Work to complete.
The task for the listing below is to write out exactly the lines starting at the one containing "Next we're going" and ending at the one containing "Reading the ingredients", both included. Pictures are to be omitted.

Data to examine.
—————

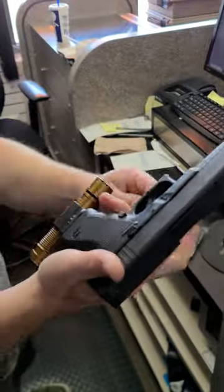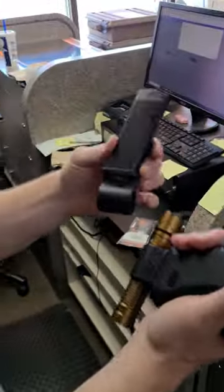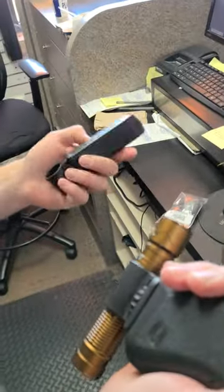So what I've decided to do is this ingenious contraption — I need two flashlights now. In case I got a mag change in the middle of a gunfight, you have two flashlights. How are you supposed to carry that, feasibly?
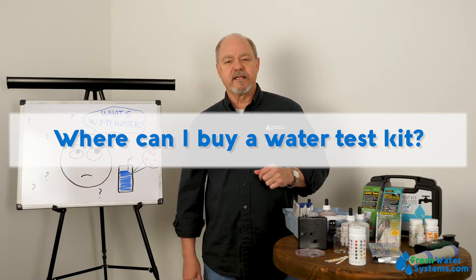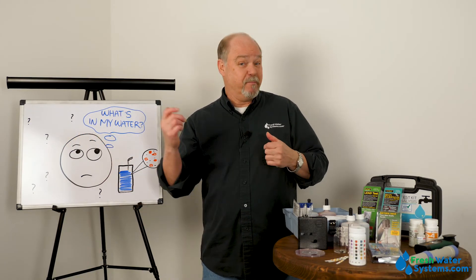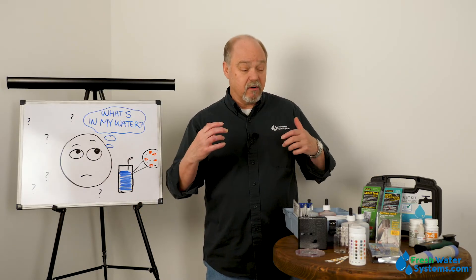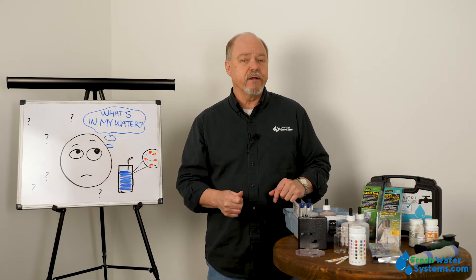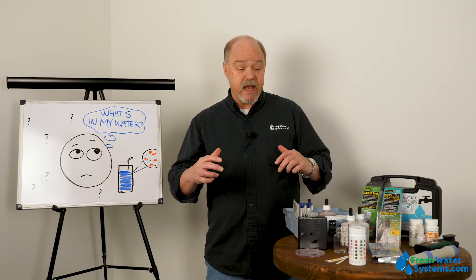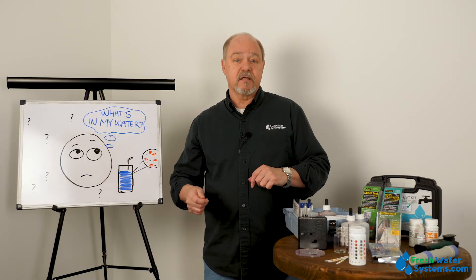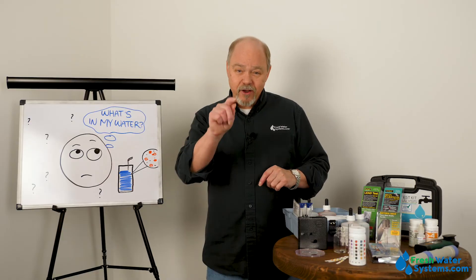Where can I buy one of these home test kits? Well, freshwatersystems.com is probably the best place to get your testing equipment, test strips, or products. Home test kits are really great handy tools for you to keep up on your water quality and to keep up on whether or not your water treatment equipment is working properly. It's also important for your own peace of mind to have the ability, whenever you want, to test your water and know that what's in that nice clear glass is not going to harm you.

—————

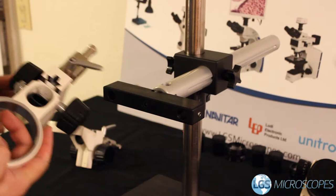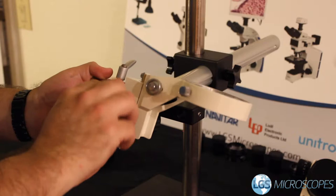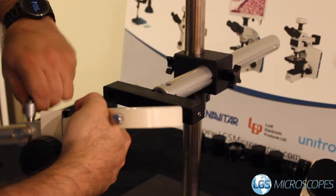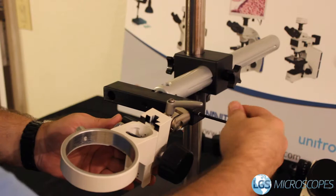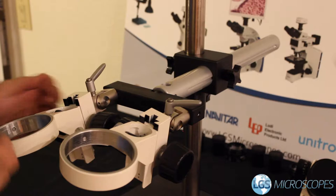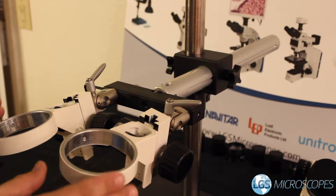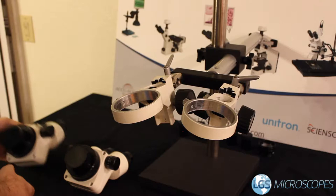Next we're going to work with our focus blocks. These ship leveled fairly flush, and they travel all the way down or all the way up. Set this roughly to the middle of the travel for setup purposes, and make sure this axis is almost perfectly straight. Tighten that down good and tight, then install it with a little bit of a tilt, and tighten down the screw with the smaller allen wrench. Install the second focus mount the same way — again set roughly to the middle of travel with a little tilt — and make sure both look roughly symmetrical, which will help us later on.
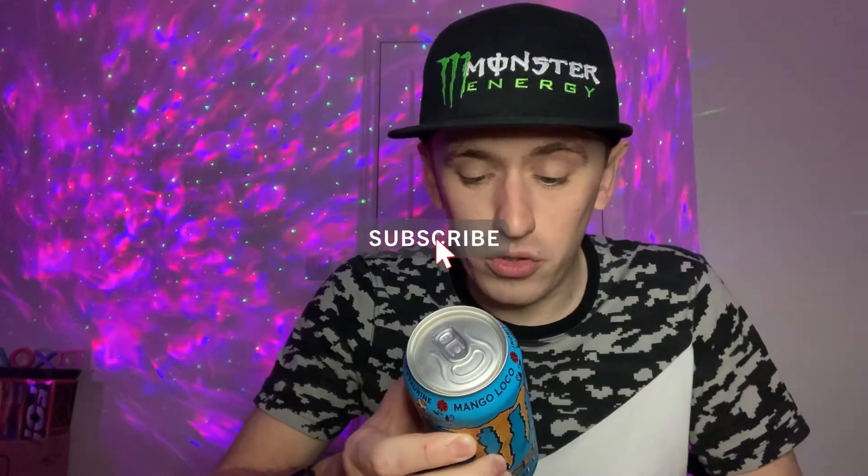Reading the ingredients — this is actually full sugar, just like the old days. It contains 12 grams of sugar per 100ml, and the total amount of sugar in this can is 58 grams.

—————

Reply.
Next we're going to work with our focus blocks. These ship leveled fairly flush, and they travel all the way down or all the way up. Set this roughly to the middle of the travel for setup purposes, and make sure this axis is almost perfectly straight. Tighten that down good and tight, then install it with a little bit of a tilt, and tighten down the screw with the smaller allen wrench. Install the second focus mount the same way — again set roughly to the middle of travel with a little tilt — and make sure both look roughly symmetrical, which will help us later on.
Reading the ingredients — this is actually full sugar, just like the old days. It contains 12 grams of sugar per 100ml, and the total amount of sugar in this can is 58 grams.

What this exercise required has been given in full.